Ils ont de ce fait constitué la première promotion des élèves à passer le Bac sur place, ici à Ouagadougou. Ce n’était pas facile puisque "on manquait de professeurs. Certains enseignants sont arrivés à Ouaga avec un retard de trois mois". Cette promotion a été comme celle des cobayes, car les autorités étaient persuadées que les choses, au fur à mesure des promotions, se stabiliseraient.

« Défricher le terrain pour les autres »

Malgré tout, c’est avec brio que Hyacinthe passera en classe de terminale son baccalauréat, série Sciences expérimentales. Une bonne dizaine d’élèves du collège moderne étaient aussi admis à l’examen. On était en 1958. Homme courtois, humble et posé, notre interlocuteur, aujourd’hui âgé de 67 ans, ne fait pas la grosse tête pour avoir été de cette première promotion. Il se contente simplement de dire sa joie d’avoir "défricher le terrain pour les autres promotions et générations".

On le sait, beaucoup d’élèves aujourd’hui ont pour bête noire les mathématiques et la physique-chimie. Qu’en était-il en 1958 ? Hyacinthe nous a assuré qu’il n’en était rien. En effet, "On n’avait pas de matières à craindre. C’était une question d’aptitudes. On orientait les élèves selon leurs aptitudes. Ainsi, tu ne pouvais pas être bon en littérature et te retrouver dans une série scientifique". De ce point de vue, les élèves ne pouvaient pas avoir de bête noire.

Le Bac, que ce soit celui de 1958 ou celui de 2004 est le même selon notre vis-à-vis. "Ce sont les mêmes sujets. On n’a pas à les comparer. C’est le même niveau. Je reconnais qu’en sciences les élèves de maintenant ont plus de connaissances que nous. Mais dans le même temps, je dois avouer que le problème à leur niveau est surtout l’expression. A mon avis, on ne peut pas sous-estimer le Bac actuel".
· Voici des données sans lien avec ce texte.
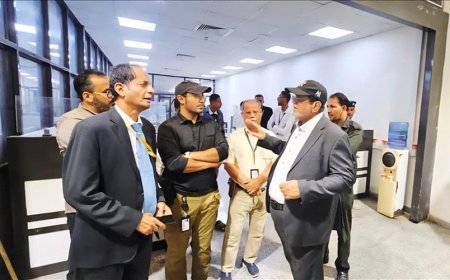 بن نهيد يطلع على جاهزية مطار الريان الدولي بالمكلا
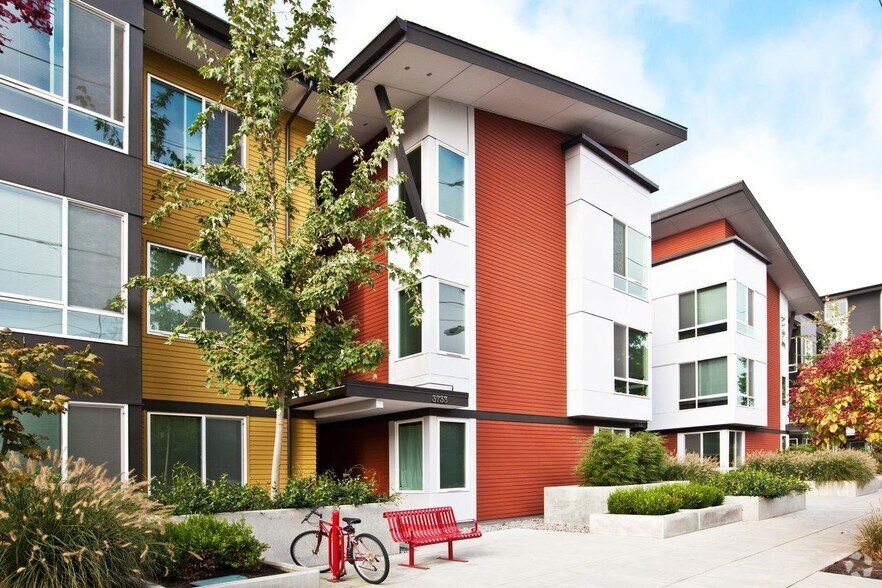 More Photos Of 3850 N Mississippi Ave, Portland Apartments For Lease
Nanti du Bac, tonton Hyacinthe se retrouve en novembre 1958 à l’université à Dakar où il prend une inscription en Droit avec option Economie. Après deux ans d’études, il débarque à Paris, à la Sorbonne où il achève sa formation en 1964 avec une licence en Sciences économiques et une autre en Sociologie.

« Wade a été mon professeur »

En 1964-1965, il retourne à Dakar où il obtient son diplôme d’études supérieures en sciences économiques avec comme professeur un certain Abdoulaye Wade. De retour au bercail en 1966, Hyacinthe ne connaîtra pas les affres du chômage. En effet, "Moins de 15 jours après mon arrivée au pays, j’ai été nommé conseiller des affaires économiques et directeur du Développement industriel et de l’Artisanat au ministère du Plan".

De 1971 à 1978, il sera successivement conseiller technique dans divers ministères, puis directeur de cabinet du ministre des Finances. En 1978, Hyacinthe quitte la Fonction publique. Il est engagé en qualité d’expert des Nations unies au Rwanda et plus précisément à Gisenyi. Là, pendant 18 mois, avec ses collègues, ils réalisent l’"Etude des mécanismes d’harmonisation des politiques industrielles dans une perspective d’intégration économique des pays des Grands Lacs".

De retour au pays en 1979, il chômera jusqu’en 1981, année à laquelle il réintègre la Fonction publique et retrouve son poste de conseiller technique au ministère du Plan jusqu’en 1984. C’est justement avec l’avènement de la révolution d’août 1983 que Hyacinthe sera mis d’office à la retraite parce que "La révolution ne voulait pas de tout le monde". Heureusement, il a été réhabilité en 1991 à la faveur d’un vaste mouvement de réhabilitation. A cet effet, il n’a reçu que des compensations financières.

Aujourd’hui après des années passées à se tourner les pouces, tonton Hyacinthe est à la tête d’une société d’études baptisée "Afric Consulting Group" qui a vu le jour en mai 2004.